Brief:
All lines from the one that contains "Appartamento in affitto" to the end of the data must be retyped exactly. Pictures are not retyped.

Data segment:
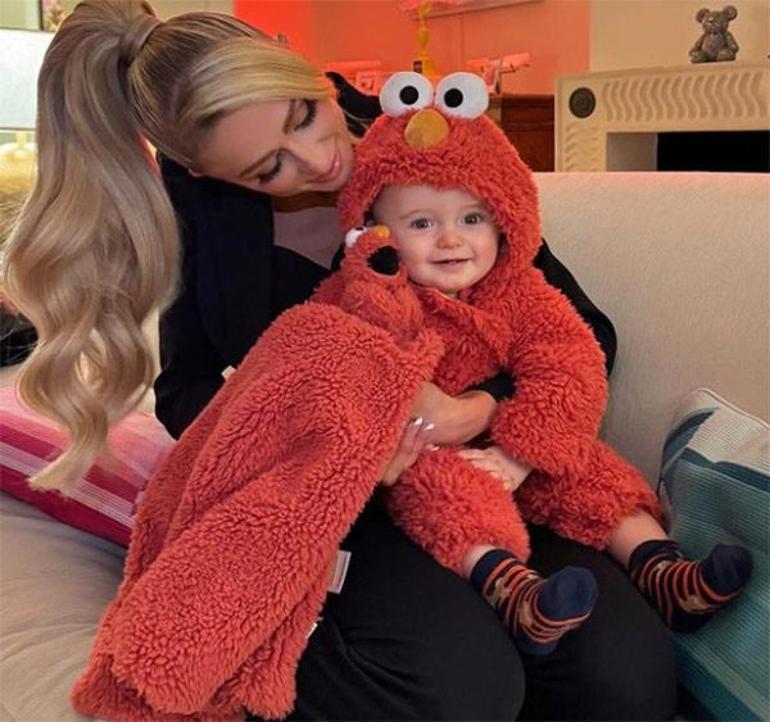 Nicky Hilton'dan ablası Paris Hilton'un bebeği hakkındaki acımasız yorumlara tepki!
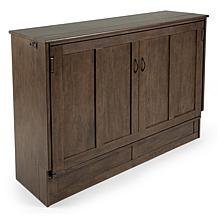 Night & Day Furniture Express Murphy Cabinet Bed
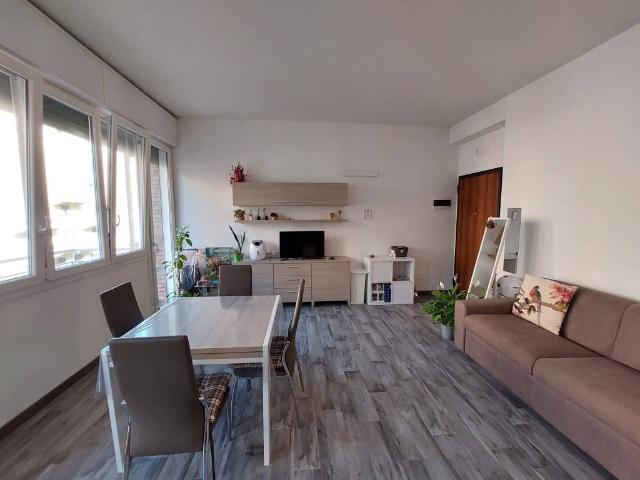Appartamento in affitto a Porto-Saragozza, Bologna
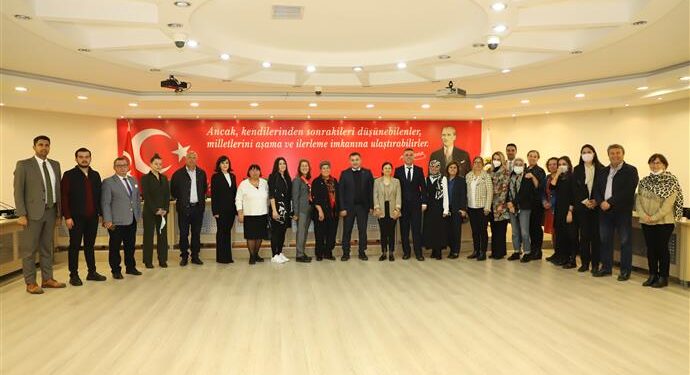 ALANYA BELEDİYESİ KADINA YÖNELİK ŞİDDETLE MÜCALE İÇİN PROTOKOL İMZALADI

Expected output:
Appartamento in affitto a Porto-Saragozza, Bologna
 ALANYA BELEDİYESİ KADINA YÖNELİK ŞİDDETLE MÜCALE İÇİN PROTOKOL İMZALADI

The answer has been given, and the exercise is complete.